DEBUG may be used to browse through the executable file to
determine the starting locations of code and data to develop the
sequential instruction file. It is important to accurately
specify these locations for an accurate reference tabel and
minimum touching up of the ASM output text.

The number of references within the file determines the amount
of memory required since a reference tabel is built in memory
during the first pass. Disassembly is done from disk and only
one file sector is in memory at any given time. Therefore memory
size does not limit the size of the file to be disassembled. 48K
bytes of memory will be enough for most programs but a few will
need 64K or 128K. One diskette drive is sufficient but two is
more convenient.


* STARTING ASMGEN *

There are two ways to work with ASMGEN: either by using the
command menu or by calling ASMGEN with parameters. Following are
the descriptions of both options.

* USING THE ASMGEN MENU *

The program is invoked by typing: ASMGEN

You are then prompted for a file specification. Respond with the
name of the executable file from which you wish to generate the
assembly code. The executable file will normally have an
extension of .EXE or .COM. ASMGEN will check this file spec for
validity and then respond with a prompt that includes a summary
of the command letters indicating that you may give it a
command. The executable file contents are not checked for valid
code and ASMGEN will try to dis-assemble text or compressed
BASIC files and produce unintelligible assembly code.

The commands are:

X filespecThis file spec replaces any previous executable
file spec. The usual file extension is .COM
or .EXE

EXAMPLE: X DATE.COM


A The executable file is disassembled and the assem-
bly code is routed to the specified file. The
usual file extension is .ASM. If the filespec is
omitted, the output will default to the console.

EXAMPLE: A DATE.ASM

R The reference table is sent to the file specified.
The usual file extension is .TBL. If the filespec
is omitted, the output will default to the console.

EXAMPLE: R DATE.TBL

QThe program is terminated and control returned to
DOS.


Each time a command has been executed, ASMGEN waits with a one
line prompt for the next command.

X , A , R or Q ?

The default filespec for each command is shown in brackets.
Enter the next command of your choice as described above.

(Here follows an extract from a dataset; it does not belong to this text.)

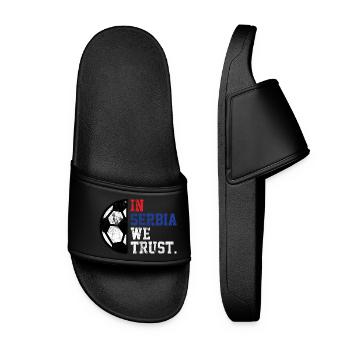 In Serbia we trust - Women’s Pool Sliders - black - Front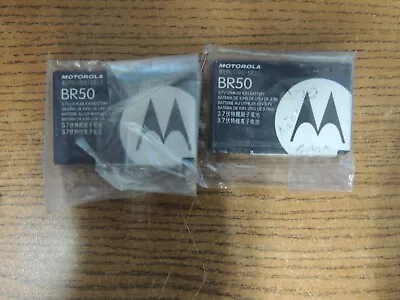 Motorola Battery BR50 ~LOT OF 2~NEW~ • $23.99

* USING ASMGEN WITH PARAMETER CALLS *

Up to three file specifications may be included when ASMGEN is
first called from DOS. The executable file's name is given
first, followed by specifications for the assembly and reference
table files.

EXAMPLE: ASMGEN DATE.COM, DATE.ASM, DATE.TBL

If a semicolon follows the last filespec, ASMGEN will exit to
DOS when the command has been executed. If no semicolon is
entered, ASMGEN will display the menu options described above
and wait for further input after executing the command.

EXAMPLE: ASMGEN DATE.COM, DATE.ASM;

If the filespec for the .ASM file and/or .TBL file is omitted,
ASMGEN will generate first the .ASM file, then a .TBL file using
the filename of the first filespec.

EXAMPLE: ASMGEN DATE.COM,,; creates DATE.ASM and DATE.TBL and
exits to DOS.

If only the reference table is desired, the dummy name NUL
should be entered in place of an .ASM filespec


EXAMPLE: ASMGEN DATE.COM, NUL, DATE.TBL

If only one filespec is given when the program is called, the
reference table is built in memory and then the menu options are
displayed for further commands.

EXAMPLE: ASMGEN DATE.COM


* PROGRAM EXECUTION *

The disassembly is done in two passes through the scource file.
On pass #1, the reference table is built in memory and the
actual output is generated during pass #2. Once the reference
table is established, it remains in memory until an X or Q
command is issued, and subsequent A and R command executions
skip pass #1. This saves a lot of time when the executable file
is large.

Three contiguous data areas are built dynamically in memory
during pass #1. First is the compressed sequential instruction
list. Second is a list of pointers for .EXE files that point to
the locations of all relocatable variables in the program, also
arranged in numerical order. These are established before
reading any code. Third, the reference table is then built in a
higher area of memory as pass #1 progresses.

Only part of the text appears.